There is one more option: incremental IO via a stream, or monadic list:

    data ListV m a = Nil | Cons a (List m a)
    type List m a = m (ListV m a)

Like Lazy IO, stream processing lets us reuse code and build programs by pipe-lining previously written fragments. Also like Lazy IO, stream processing leaks resources such as file handles; see the accompanying code for details.

To summarize: Non-strict evaluation promotes modularity and compositionality by decoupling producers and consumers. It is incompatible with effects and makes it very difficult to reason about memory and other resources. Strict languages, in contrast, have the excellent resource cost model and are compatible with effects, but couple data consumers and producers and hence break modularity and inhibit reuse. However, there is a way to untangle producers and consumers even in strict languages: generators.

Version

The current version is December 2012

References

Lennart Augustsson: More points for lazy evaluation, May 2011
<http://augustss.blogspot.com/2011/05/more-points-for-lazy-evaluation-in.html>

YAny.hs [9K]
The complete code for the example

The APLAS paper briefly talks about tying the knot -- a fascinating application on one hand, which also lets us tie up ourselves with our own rope.

Preventing memoization in (AI) search problems
Lazy evaluation is a vexing obstacle for non-deterministic, probabilistic programming and general AI search problems, where memoization is exactly the wrong trade-off.

describe.pdf [334K]
The full version of the paper presented at FLOPS 2012. The first half of the paper describes many problems of Lazy IO.

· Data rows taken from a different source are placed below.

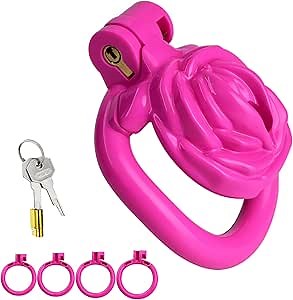 Sissy Penis Chastity Lock Pink Cock Cage Chastity Locking Cage for Men with 4 Size Rings, Resin Chastity Device for Male Penis Exercise (Pink)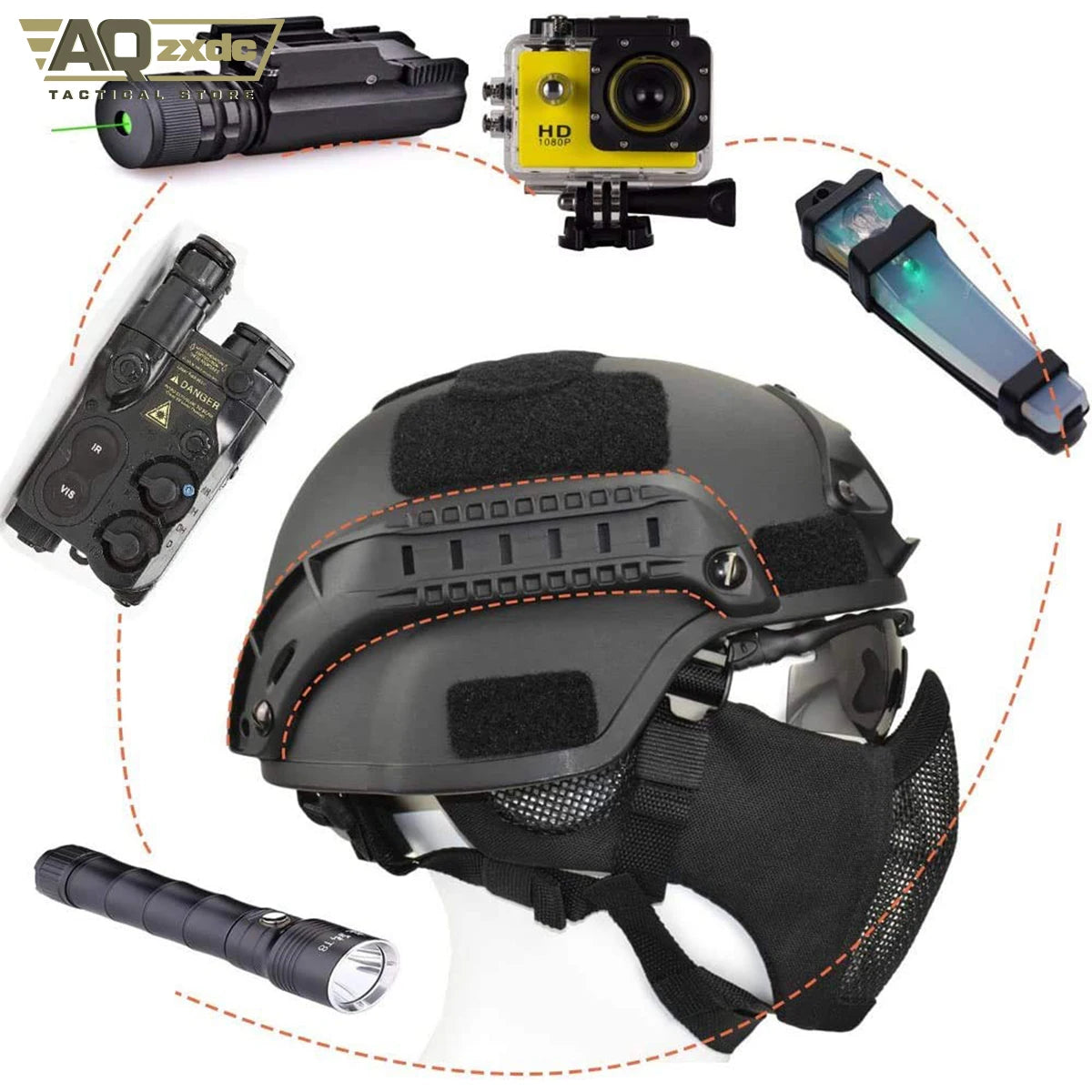 Mich 2000 Style ACH Tactical Helmet with Foldable Ear Protection Dual Straps Half Face Mesh Mask - Goggles for Airsoft Paintball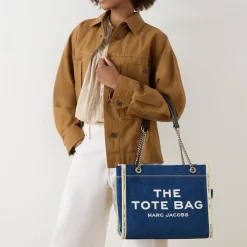 Clearance The Denim Chain Medium Tote Bag Women Tote Bags
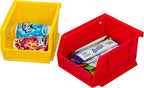 Akro-Mils Storage Bins 30210, Plastic | Stackable | Hanging Design | 5" x 4" x 3" | Yellow | Pack of 24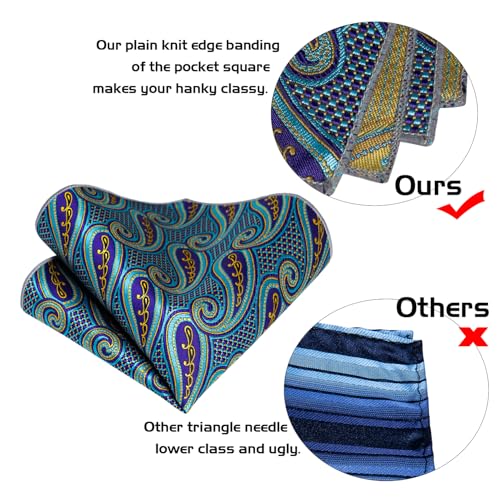 Image of 5PCS Mens Premium Silk Tie, Pocket Square, Cufflinks, Drilled Tie Ring and Lapel Pin Set for Wedding Groom Party
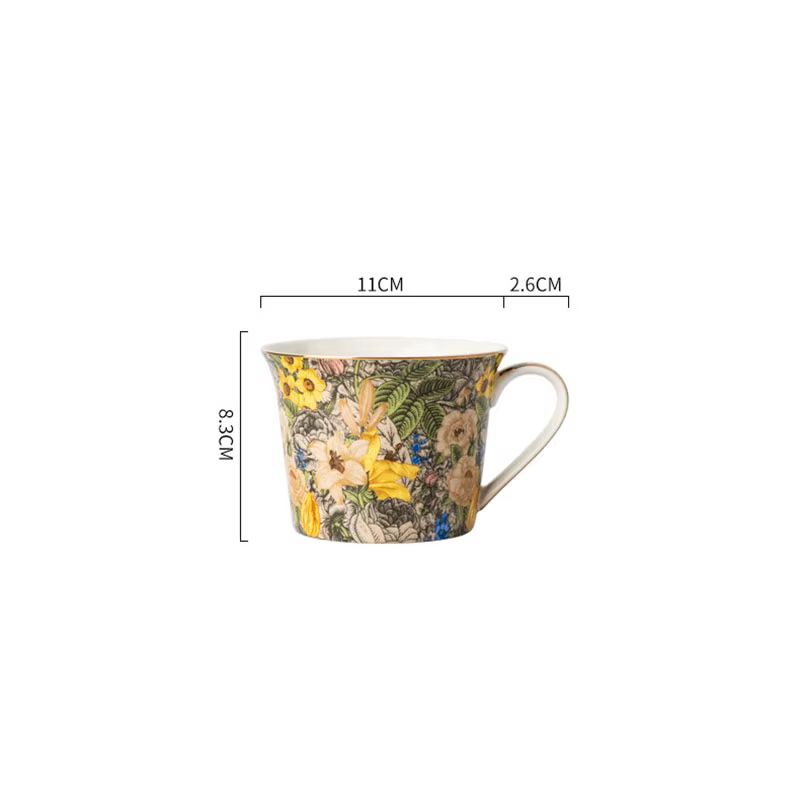 Tasse à café en céramique européenne avec couvercle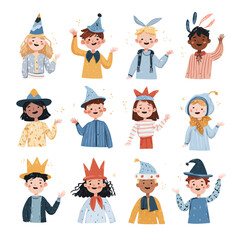 Happy children in whimsical costumes, celebrating with magical sparkles.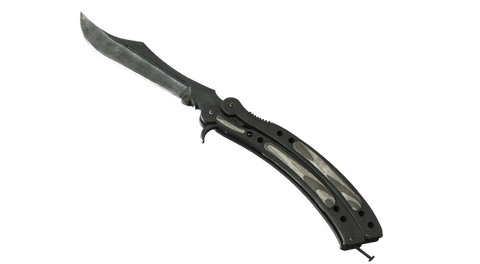 ★ StatTrak™ Butterfly Knife | Black Laminate (Battle-Scarred)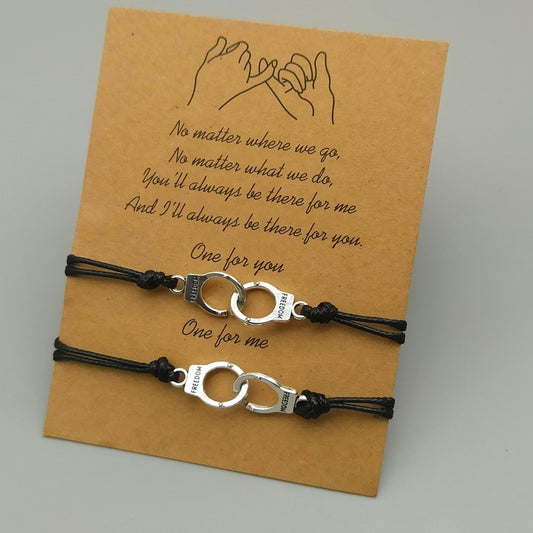 Wholesale 2pcs/set Handcuff bracelet Couple Bracelet Men Women Adjustable Rope Hand Jewelry Gift For Friend Dropshipping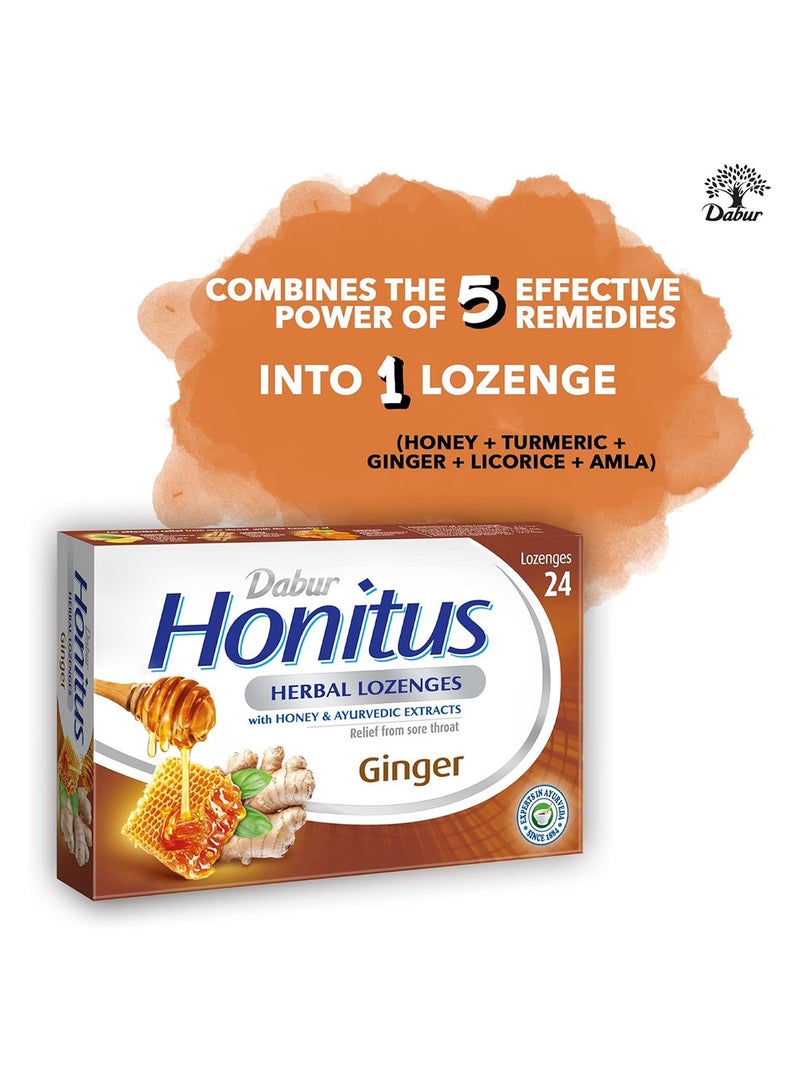Dabur Honitus Herbal Ginger Flavor Lozenges 24s Effective Relief From Cough, Strep Infection And Sore Throat Pain - Image 5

Simple generators in Haskell

Generators bring the main attraction of lazy evaluation -- modularity and compositionality -- to strict, call-by-value languages, and they are compatible with effects. This page is about simple generators, of the following interface. (Simple generators in OCaml are even simpler, to the point of triviality).

    type GenT e m
    instance MonadTrans (GenT e)
   
    type Producer m e            = GenT e m ()
    type Consumer m e            = e -> m ()
    type Transducer m1 m2 e1 e2  = Producer m1 e1 -> Producer m2 e2
   
   
    yield   :: Monad m => e -> Producer m e
    runGenT :: Monad m => Producer m e -> Consumer m e -> m ()
    foldG   :: Monad m => (s -> e -> m s) -> s -> Producer (StateT s m) e -> m s

The interface is simple: one abstract type GenT e m a and three functions. GenT e is a monad transformer for generators that yield the value of type e in some monad m. Intuitively, yielding is like tracing, from printf or similar debug tracing statements embedded in the code. As the program runs it sends traced intermediate results, usually to a log file. A debugger can intercept the traced data to analyze them.

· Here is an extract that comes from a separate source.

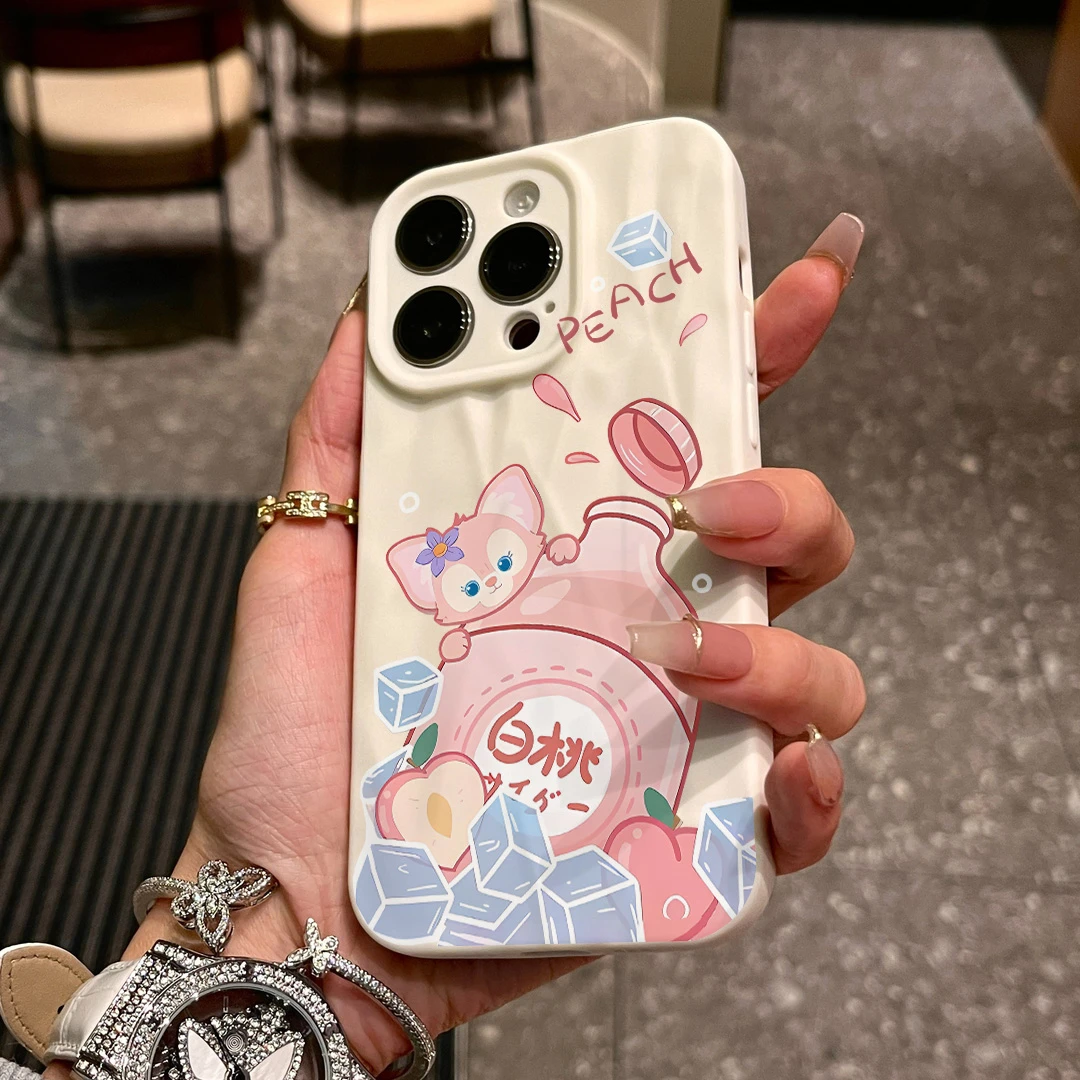 白桃汽水适用苹果15/14手机壳iPhone14promax软胶13pro12/11/xr/7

A Producer m e is a computation executed only for its tracing, of values of type e; the overall result is irrelevant. The generator interface provides one primitive producer, yield. Other producers are built by monadic composition: for example, a producer that reads a file and yields its characters one-by-one.

    fileG :: (GBracket m, MonadIO m) => FilePath -> Producer m Char
    fileG fname = gbracket (liftIO $ openFile fname ReadMode) (liftIO . hClose) loop
     where
      loop h = do
       b <- liftIO $ hIsEOF h
       if b then return () else liftIO (hGetChar h) >>= yield >> loop h

The overall result is indeed irrelevant: one runs fileG for the data it yields. The code looks like the strict IO code t2_strict of the running example described earlier. Emphatically, the file handle is closed as soon as the result (or an exception) is obtained. As in strict IO, the generator lets us account for and tightly control resources. Unlike t2_strict code, fileG does no processing of file data -- it merely yields them. The function fileG is a only producer. The consumption of file data is clearly untangled; the same fileG producer can be used with many consumers.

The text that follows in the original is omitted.